Goal of the exercise
Your answer should hold only the lines from the start of the data below through the line with "Gothic Universe Edition PC Steam Gift", copied exactly, with pictures left out.

━━━━━━━━

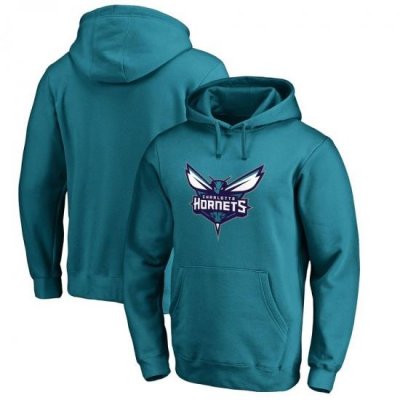 Charlotte Hornets Men Hoody 008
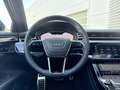 Audi A8 50 TDI quattro tiptronic Luftfederung AD Niveau St Schwarz - thumbnail 9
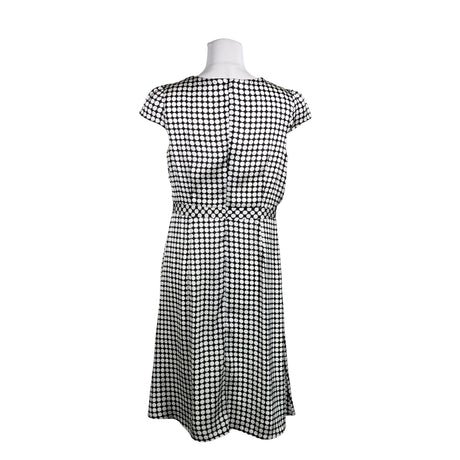 Unisex Esprit - Õhuke kleit, suurus 40 - Valge (2)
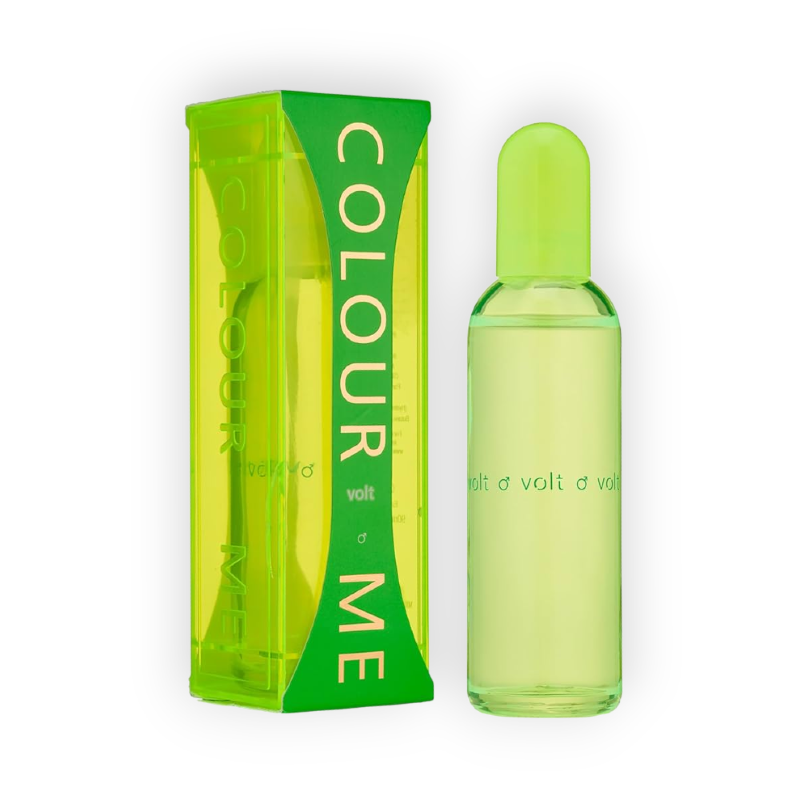 COLOUR ME PERFUME SPRAY VOLT 150ML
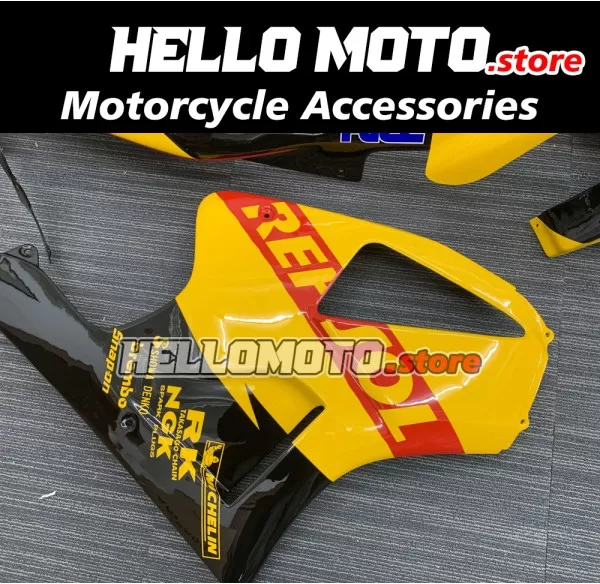 Honda VTR1000 RC51 2000-2006 Fairing P/N 1AN2 Honda VTR1000 RC51 2000-2006 Fairing P/N 1AN2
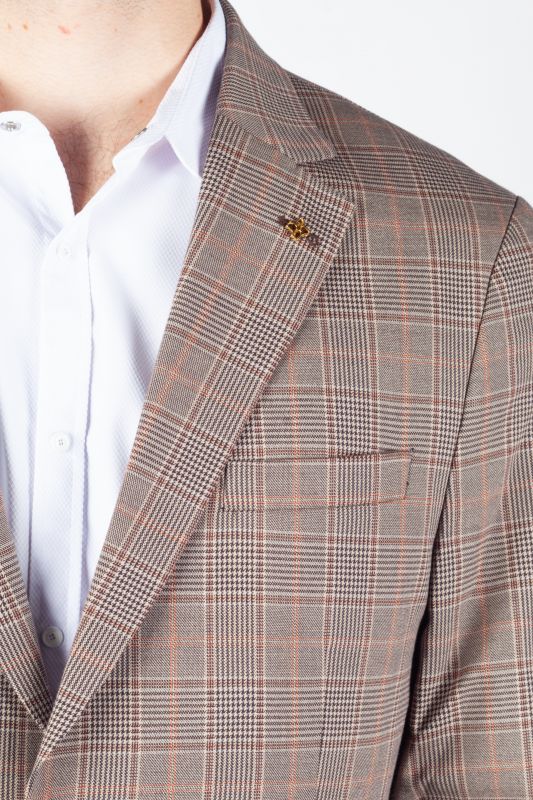 Žakete FRAPPOLI 3048-DIEGOS-BEJ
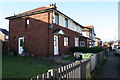 Houses on Balfour Road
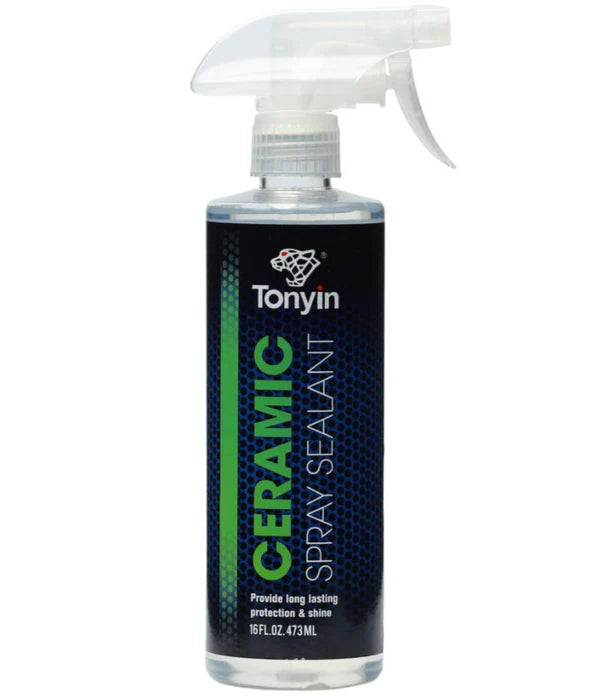 CERAMIC SPRAY SEALENT 473ml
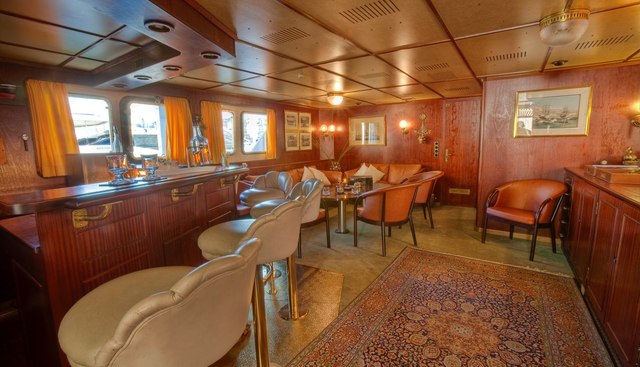 SANSSOUCI STAR yacht for sale 10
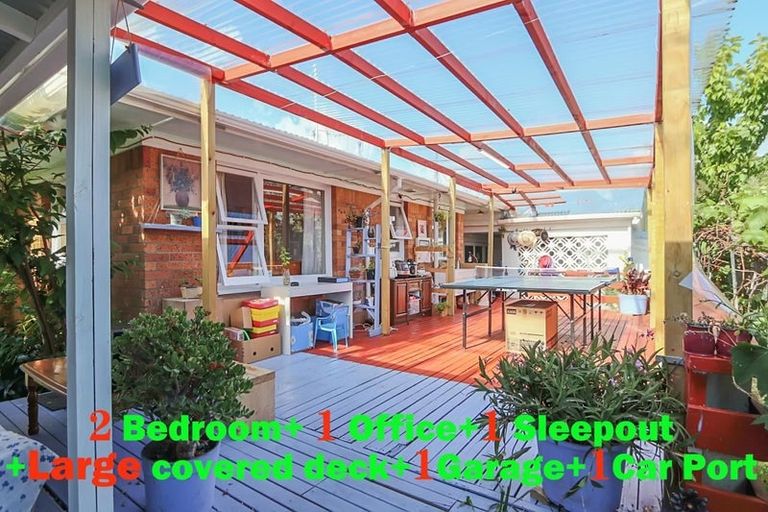 Photo of property in 65a Knighton Road, Hillcrest, Hamilton, 3216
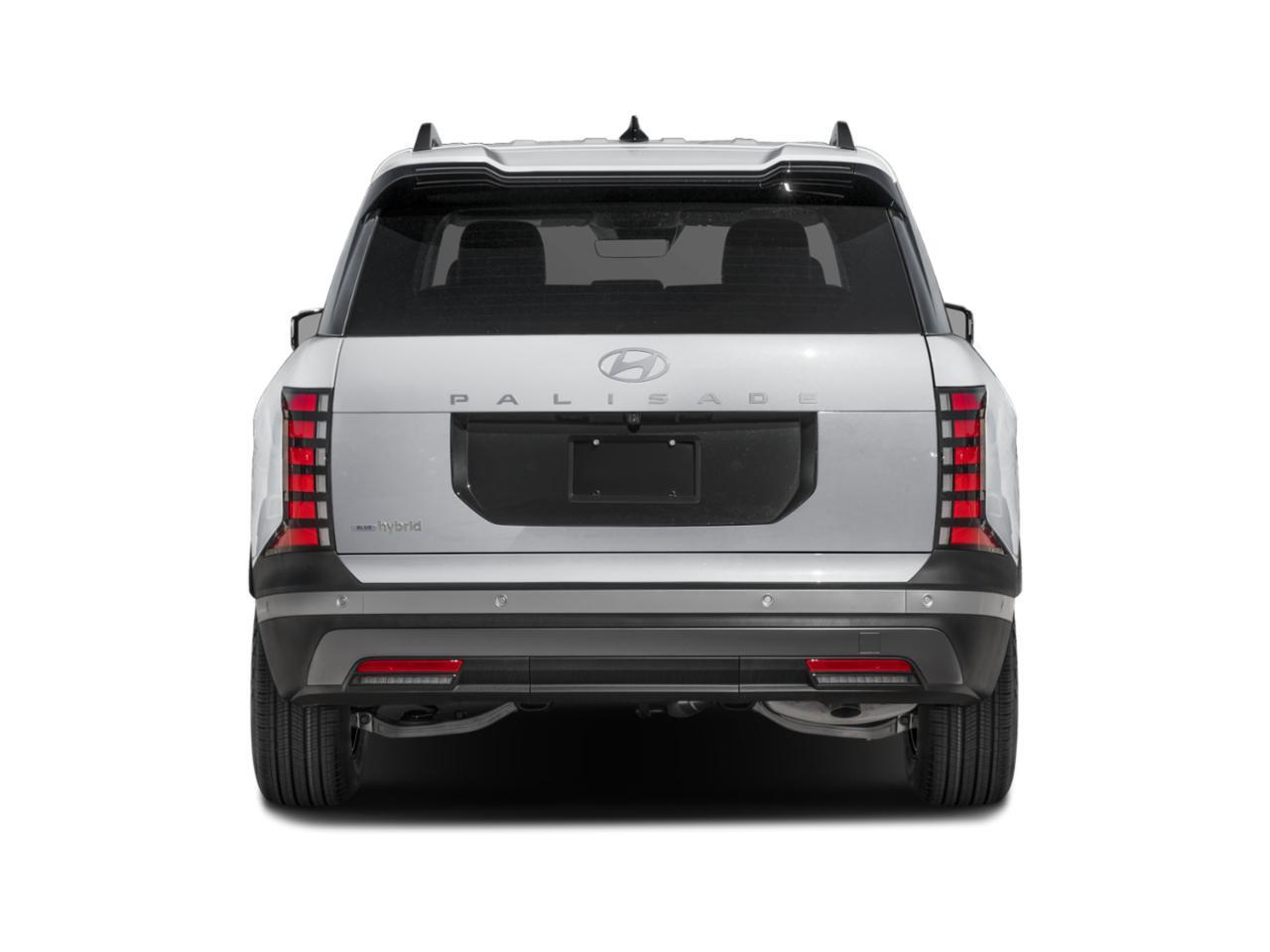 2026 Hyundai Palisade Hybrid SEL Premium 7 Passenger San Clemente CA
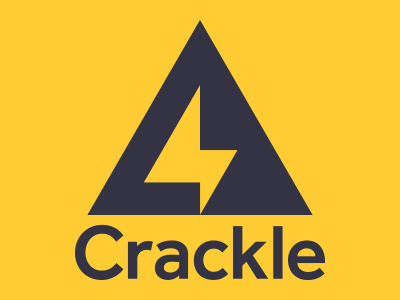 Crackle Logo campfire client windows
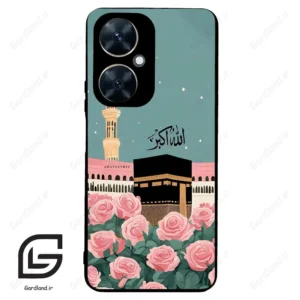 قاب گوشی هوآوی نوا 11i (Huawei Nova 11i ) طرح کعبه کد 2931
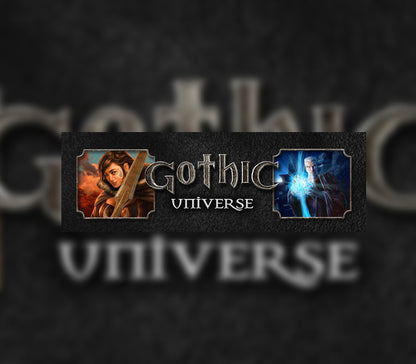 Gothic Universe Edition PC Steam Gift
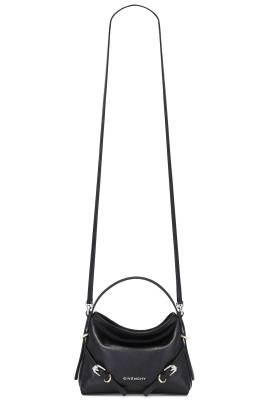 Givenchy TASCHE NANO VOYOU in Schwarz - Black. Size all. von Givenchy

━━━━━━━━

Answer space
 Charlotte Hornets Men Hoody 008
 Audi A8 50 TDI quattro tiptronic Luftfederung AD Niveau St Schwarz - thumbnail 9
 Unisex Esprit - Õhuke kleit, suurus 40 - Valge (2)
 COLOUR ME PERFUME SPRAY VOLT 150ML
 Honda VTR1000 RC51 2000-2006 Fairing P/N 1AN2 Honda VTR1000 RC51 2000-2006 Fairing P/N 1AN2
 Žakete FRAPPOLI 3048-DIEGOS-BEJ
 Houses on Balfour Road
 CERAMIC SPRAY SEALENT 473ml
 SANSSOUCI STAR yacht for sale 10
 Photo of property in 65a Knighton Road, Hillcrest, Hamilton, 3216
 2026 Hyundai Palisade Hybrid SEL Premium 7 Passenger San Clemente CA
 Crackle Logo campfire client windows
 قاب گوشی هوآوی نوا 11i (Huawei Nova 11i ) طرح کعبه کد 2931
 Gothic Universe Edition PC Steam Gift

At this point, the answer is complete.